Il Fontanaro, where you'll settle into the slow life rather quickly, has a variety of lodging options, from apartments to whole farm buildings, all with kitchens. The farm produces top quality olive oils and wine, and Alina operates a very well-stocked wine celler. The vacation rental complex is a short walk into the interesting town of Paciano and a little further to Panicale. Lake Trasimeno is within easy reach if you have a car, and wine lovers will want to visit the Madrevite Winery.
If you're looking for peace and solitude like the neighboring monks (well, perhaps not so much solitude as a hermetic monk...) you might try looking inside Monte Cucco Regional Park for this city resurected from the 1996 earthquake and the fabulous and inexpensive vacation rental called La Piazzetta di Pascelupo inside the park.

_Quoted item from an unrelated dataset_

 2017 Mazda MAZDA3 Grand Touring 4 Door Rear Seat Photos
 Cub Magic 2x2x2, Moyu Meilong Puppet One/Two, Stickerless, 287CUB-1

Agriturismo Montestigliano was once a very large family farm estate recently transformed artistically into vacation apartments and villas. If you get tired of hiking the trails, or heading over to the local bodega to get interesting local food to eat, you can hop in a car and be in Siena In 15 minutes or so. A great staff eager to help you get the most out of Tuscany is at your service.
Castello di Ripa d'Orcia is a thirteenth century castle that offers a Bed and Breakfast in addition to self catering apartments. It's in the Val d'Orcia near the favorite tourist towns of Pienza and San Quirico d'Orcia in Siena province. There's an on-premises winery and restaurant as well, so you don't have to cook unless you want to. There are some great walks in the area.
Your friends will be impressed if you tell them you've stayed in a castle apartment, believe me.
The Dutchess Sea House is found inside the Ducal Palace of Giovinazzo. In the off season this is the fishing village of your dreams. Hang out at the port with the cats anxiously awaiting the fishermen before you head to the bar for your morning coffee.
Nature lovers and walkers should get all wound up over the trails that zig zag throught the Posta's property. We wrote about an eventing walk in Paradise Found! discovering Nature in Puglia.
Within a half hour drive from Posta Santa Croce you can reach the famous Castel del Monte. Beachgoers can visit several seaside towns in that time: Barletta, Trani, Bisceglie, Molfetta, and Giovinazzo. 10 minutes away is Ruvo di Puglia, where you can discover the ancient richeness of the area via a very interesting archaeological museum, then experience a cathedral with crypt, shops and places to eat including the excellent UPEPIDDE RistorArte, where you can try local specialties.
Pietro and his family will make you feel like a Puglia native. If you go in late September or early October he'll introduce you to Olive Dolci, sweet olives you can pick off the tree and saute in a couple of minutes.